Limitations & Future Work¶
- The data mining pipeline may introduce non-egocentric video noise, and filtering quality directly affects downstream performance.
- Evaluation is limited to existing egocentric benchmarks; generalization to real wearable device scenarios (e.g., AR glasses) remains to be verified.
- Integration with robotic manipulation tasks—an important application of egocentric understanding—has not been explored.
- CoT annotations rely on LLM generation, and quality may vary, particularly for complex causal chains.
- Hand-object grounding accuracy may degrade under severe occlusion.
- Inference latency and efficiency for real-time deployment have not been investigated, though wearable devices impose strict latency requirements.
- The GRPO reward design (IoU/bounding box matching) may not cover all grounding scenarios sufficiently.
- HowTo100M primarily consists of instructional videos, potentially under-representing everyday life scenarios.
Related Work & Insights¶
- vs.

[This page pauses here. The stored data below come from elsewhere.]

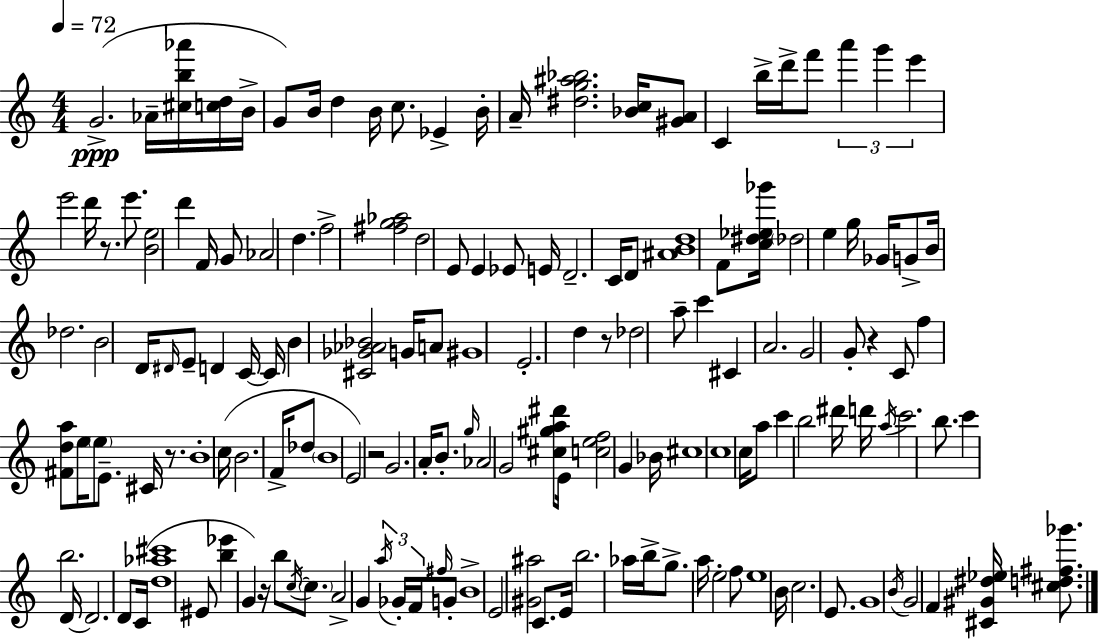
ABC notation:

X:1
T:Untitled
M:4/4
L:1/4
K:C
G2 _A/4 [^cb_a']/4 [cd]/4 B/4 G/2 B/4 d B/4 c/2 _E B/4 A/4 [^dg^a_b]2 [_Bc]/4 [^GA]/2 C b/4 d'/4 f'/2 a' g' e' e'2 d'/4 z/2 e'/2 [Be]2 d' F/4 G/2 _A2 d f2 [^fg_a]2 d2 E/2 E _E/2 E/4 D2 C/4 D/2 [^ABd]4 F/2 [c^d_e_g']/4 _d2 e g/4 _G/4 G/2 B/4 _d2 B2 D/4 ^D/4 E/2 D C/4 C/4 B [^C_G_A_B]2 G/4 A/2 ^G4 E2 d z/2 _d2 a/2 c' ^C A2 G2 G/2 z C/2 f [^Fda]/2 e/4 e/2 E/2 ^C/4 z/2 B4 c/4 B2 F/4 _d/2 B4 E2 z2 G2 A/4 B/2 g/4 _A2 G2 [^c^ga^d']/2 E/4 [cef]2 G _B/4 ^c4 c4 c/4 a/2 c' b2 ^d'/4 d'/4 a/4 c'2 b/2 c' b2 D/4 D2 D/2 C/4 [d_a^c']4 ^E/2 [b_e'] G z/4 b/2 c/4 c/2 A2 G a/4 _G/4 F/4 ^f/4 G/2 B4 E2 [^G^a]2 C/2 E/4 b2 _a/4 b/4 g/2 a/4 e2 f/2 e4 B/4 c2 E/2 G4 B/4 G2 F [^C^G^d_e]/4 [^cd^f_g']/2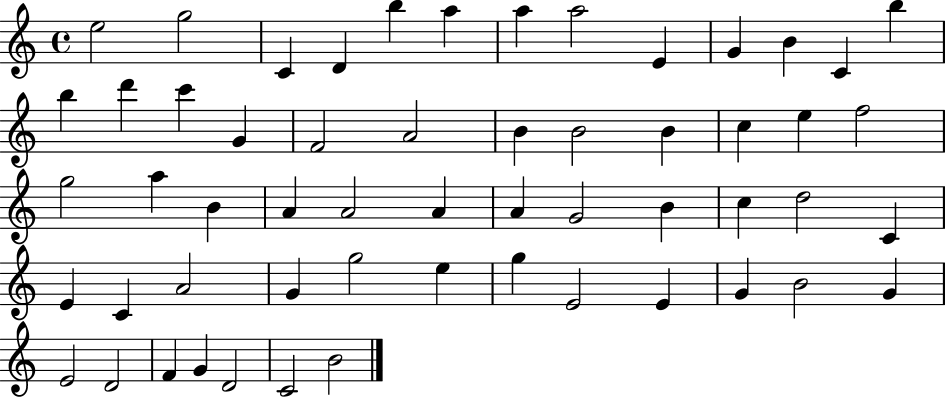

EgoVLP: EgoVLP performs vision-language pre-training but lacks causal reasoning chains.
- vs. VideoChat-R1: VideoChat-R1 applies general-purpose video RL fine-tuning, whereas EgoThinker targets egocentric scenarios specifically.
- vs. Ego-Plan-Bench: Evaluates planning capability but does not optimize the model itself.
- vs. InternVL: A general-purpose VLM that lacks embodied understanding from an egocentric perspective.
Additional Discussion¶
- The core innovation lies in transforming the problem from a single dimension to a multi-dimensional analysis framework, providing a more comprehensive understanding perspective.
- The experimental design covers diverse scenarios and baselines, with statistically significant results.
- The modular design of the method facilitates extension to related tasks and new datasets.
- Open-sourcing the code and data provides significant value for community reproduction and follow-up research.
- Compared to concurrent works, this paper demonstrates advantages in the depth of problem formulation and the comprehensiveness of experimental analysis.
- The paper follows a clear logical structure, forming a complete loop from problem definition to method design to experimental validation.
- The computational overhead of the method is reasonable, supporting practical deployability.
- Future work may consider fusion with additional modalities (e.g., audio, 3D point clouds).
- Validating the scalability of the method on larger data and models is an important future direction.
- Combining the method with end-to-end reinforcement learning optimization is a worthwhile direction to explore.
- Cross-domain transfer is worth investigating, as the generality of the method requires further validation.
- Lightweight variants of the method for edge computing and mobile deployment scenarios merit further study.
Rating¶
- Novelty: ⭐⭐⭐⭐ Large-scale egocentric causal reasoning dataset construction is a significant contribution.
- Experimental Thoroughness: ⭐⭐⭐⭐ Validated with SOTA results across multiple benchmarks.
- Writing Quality: ⭐⭐⭐⭐ Clear framework presentation with thorough description of data construction.
- Value: ⭐⭐⭐⭐⭐ Directly valuable for wearable assistants and embodied AI.